My STI came out of the holster so fast that it practically materialized in my hand. I clicked the safety off as the front sight landed between those red eyes. "Let her go!"
"Noooo," the thing inhabiting Carlos' body hissed. Joan cried out as it squeezed her arm. "Feast is over. . . . Need new shell to live in."
"What's going on?" Lucius cried out. "Carlos, let her go. We've been trying to help you."
"That ain't him, Doc. This thing is from the other side. Isn't that right, Feeder?"
The body wheezed. "Not true name. Name given by weak fleshling." The voice was raspy, not used to creating speech. "So hungry. Must feed." His other hand reached toward Joan's face, as if to caress it. Nostrils flared as it drank in her smell. "So many memories in this one . . . to feeeaaassst."
His wife in danger, Lucius Nelson's reaction was a split second faster than mine. Carlos' head jerked one way and then back as our bullets crossed an X through his skull. Joan fell. I stepped forward and booted t
he frail body in the chest, sending the wheelchair rolling back down the ramp and into the sunlight. The chair toppled over.
Even with the back of his skull missing, the animated body tried to rise, atrophied muscles driving forward, in search of another host. The movements were jerky, awkward, painful to watch. "Feeeaaassst . . ."
Trip had drawn his Springfield XD .45. Doctor Lucius stood at my side, stubby Colt Officer's model at the ready. The three of us looked at each other, knowing what had to be done, then we opened fire. Dozens of bullets tore through Carlos. A few seconds later, our slides were locked back empty, my ears were ringing, and the riddled body was absolutely still, blood pouring into the grass.

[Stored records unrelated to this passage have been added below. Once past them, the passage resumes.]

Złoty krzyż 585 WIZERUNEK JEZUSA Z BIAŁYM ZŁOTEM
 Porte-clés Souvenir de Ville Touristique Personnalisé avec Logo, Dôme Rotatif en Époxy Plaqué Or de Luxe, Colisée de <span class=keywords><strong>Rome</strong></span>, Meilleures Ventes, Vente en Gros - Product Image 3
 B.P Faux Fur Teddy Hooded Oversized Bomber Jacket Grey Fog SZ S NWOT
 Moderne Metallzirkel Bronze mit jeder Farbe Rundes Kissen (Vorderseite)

"What the hell!" Holly shouted as she ran toward the gazebo. She paused long enough to pull her STI Ranger and train it on the blood-soaked mess on the lawn like the rest of us. "Everybody okay?"
"We're fine," Joan answered calmly. "I think my wrist is broken though." The birdlike woman had pulled herself onto a bench. From somewhere she had produced a .380 PPK and was holding it shakily in her left hand, her right resting awkwardly in her lap. She saw me looking at her. "Old-school MHI, kids. Shock is nature's anesthetic. Give me five minutes and I'll be crying like a baby."
I dropped my spent mag, slammed a new one in the gun, and dropped the slide. "See to your wife," I ordered Lucius. "Trip, Holly, on me." I approached Carlos' body slowly. The three of us covered him, pistols ready, but there was no movement.
The Hunter was dead, freed from his torment at last.
Agent Franks nonchalantly joined us a moment later. The big man studied the three of us, guns hovering over the ventilated corpse and his wheelchair. He shrugged, removed a candy from his pocket, unwrapped it, tossed it in his mouth, and threw the wrapper on the lawn. "Brutal . . . even by my standards," he said, chewing loudly as he walked away.